Petite Mort

Microrrelato

Margarita está triste, su pelo ya no brilla, a tomado un tono gris. Sus ojos se ven apagados y faltos de viveza. Cuando llego a casa, ya no sueltan suspiros su bella boca de fresa. Siempre la veo recostada en la cama matrimonial. Ya no viene a abrazarme, ya no me cocina, ya no hacemos el amor como antes. Cada vez que llego le beso su fría mejilla y ni se inmuta, me sirvo mi propia comida, contemplo el horizonte desde la ventana de la cocina y veo las libélulas de la nostalgia pululando por mi memoria. Veo como su hermoso pelo azabache, presumiendo sus movimientos, es la envidia de la noche estrellada que decora con disimulo aquellos momentos fugaces, en los que plugo aquel punto que se reconoce por los pletóricos gemidos que afirman y reafirman haber tocado el cielo; viéndose las nubes en sus ojos y nublando sus sentidos en un pequeño desmayo que agradece con un beso. Veo a una mujer de fuego que sonríe y aclama su amor en cada caricia. Veo montañas que gracias a la pareidolia toman la figura de mi amada desnuda bajo las sábanas que esculpen, sin dejar nada a la imaginación, sus piernas coronadas por una esbelta cadera que me guía a su delgada cintura; que se infla y desinfla lentamente denotando su plácido descanso. Quiero que esa mujer vuelva, salte a mis brazos y me bese. La mujer que reposa mi cama es una intrusa, ella no es Margarita. Me aterra pensar que sus ojos se visten de noche para hombre, que esas noches furtivas no fueron más que un espejismo.

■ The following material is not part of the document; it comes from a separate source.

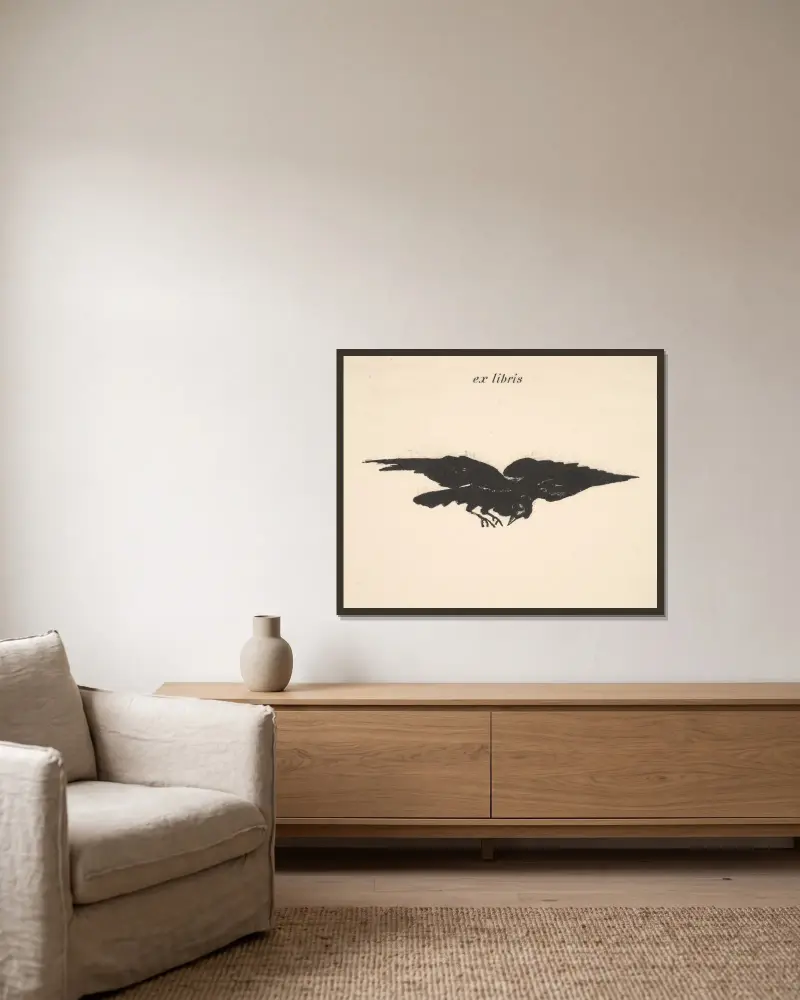 Fliegender Rabe (Ex Libris) von Édouard Manet gerahmt an einer Wand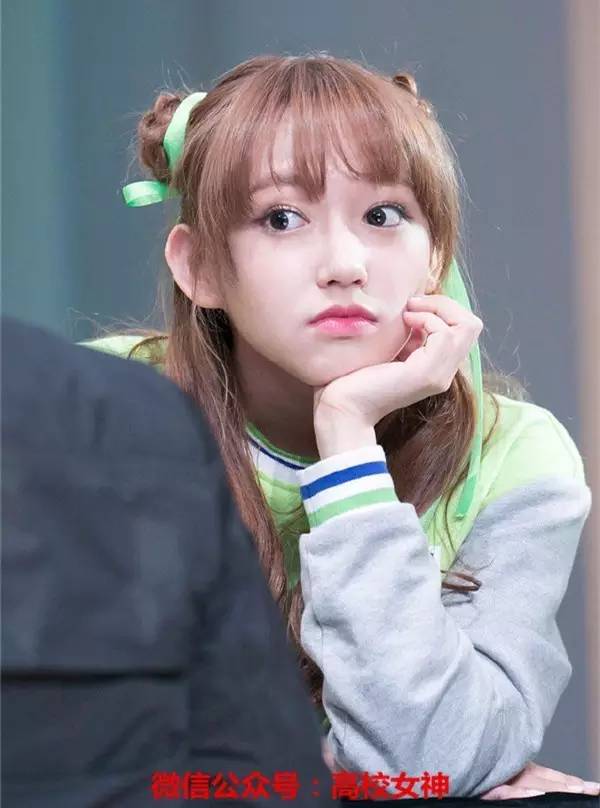 宇宙少女惊艳全场,宇宙少女秀彬开球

En las noches, cuando le deseo buenas noches ella no me mira a los ojos, como si le avergonzase. Cuando le pido explicaciones no me dice nada, supongo que está cansada, el tormento del trabajo y el vampiro de su jefe le consumen toda la energía. No quiero desconfiar de ella, la amo, pero empiezo a dudar si ella lo hace también. Yo le complazco, intentando animarla y ser el buen esposo de siempre, pero cada vez es más agotador cuando el cariño no es de los dos hacia los dos. No soy de piedra y la incertidumbre me está consumiendo, la desconfianza me masajea la espalda y mi amor está buscando las llaves para salir por la puerta.

Un día, que recuerdo más tétrico de lo que era, recibí una llamada de la oficina de mi esposa. No ha ido a trabajar las últimas semanas, me invadió un escalofrío en todo el cuerpo. La busqué en su habitación y ahí estaba recostada, boca arriba, justo donde la había dejado. Seguí en la llamada y el jefe de mi esposa testiguó el comportamiento extraño de mi mujer antes de haber desaparecido, se iba siempre temprano del trabajo para encontrarse con un supuesto amigo que, según ella, necesitaba cuidados intensivos… justo como sospechaba. Le agradecí y colgué. Miré a Margarita con una sonrisa y le pregunté una vez más: «¿Me volverás a poner los cuernos?». Ella no respondió. Sus ojos miraban fijamente el techo y en su boca ya se empezaban a situar moscas. «Eso pensé». Ya no podrán separarnos nunca más, Margarita y yo estaremos juntos siempre. La amo y la amaré hasta el último suspiro.